COMT and Schizophrenia Research

Professor Daniel Weinberger discusses evidence from a number of areas of research that marks COMT as a candidate gene for schizophrenia.

Is there evidence that COMT plays a role in schizophrenia? There are two pieces of evidence that COMT is a player in the development of schizophrenia. The first is the genetic evidence. So the genetic evidence is - is COMT found in the human genome on one of the twenty-three pairs of chromosomes in a place where there seems to be a genetic signal related to schizophrenia? COMT is found in a region of the twenty-second chromosome identified by the bands that paint the chromosomes as the 22q11 region.

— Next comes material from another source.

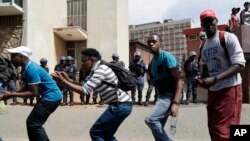 South Africa University Protests: Protesting students from the University of the Witswatersrand sing outside the Hillbrow Magistrate’s Court in Johannesburg, South Africa, Wednesday, Oct. 12, 2016, in support of their peers who were arrested earlier this week.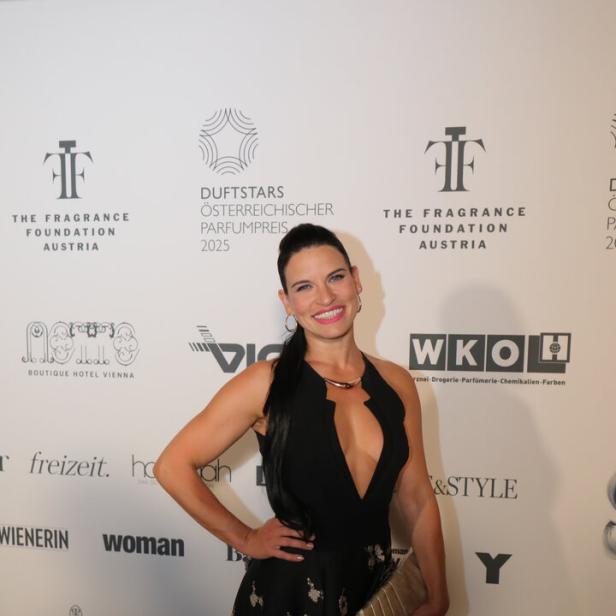 Eine Frau in Abendgarderobe posiert vor einer Wand mit Sponsorenlogos.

This region of the human genome is a region that in family studies, so called genetic linkage studies, has shown evidence of harboring schizophrenia genes. The other thing that’s made COMT a candidate is that region of the twenty-second chromosome is a region that is, in about one out of every 4000 human births, deleted. There is a mistake made in the duplication of this part of the genome during the creation of sperms and eggs and it leads to a deletion. And in that deleted region is COMT. And that deleted region produces, in individuals who have the deletion, about a 30-fold increase in the likelihood of having schizophrenia. So, there’s reason to believe COMT is involved in schizophrenia by virtue of where COMT is located in the genome. Another reason that COMT is implicated as a risk gene for schizophrenia is about its function. And the function of COMT is to affect dopamine, which is an important chemical in schizophrenia. But to make it even more tantalizing, because COMT is expressed primarily in the prefrontal cortex and the hippocampus, COMT affects dopamine in these specific regions, which are also at the biological level implicated in schizophrenia. Now the third piece of evidence is the evidence that COMT itself predicts schizophrenia in individuals. The way those studies are done is to look for a variation in the gene and to see whether any one variation is more frequently found in schizophrenics. This has been the least compelling evidence for COMT. But there is weak, though I would have to say inconclusive, evidence from the so-called genetic association approach implicating COMT. From the biological approach, and from the approach of where it is in the genome, the evidence is much more compelling. From the approach of simply looking at whether one form of the gene or another is more likely to be found in schizophrenics or not, that has been a more problematic result.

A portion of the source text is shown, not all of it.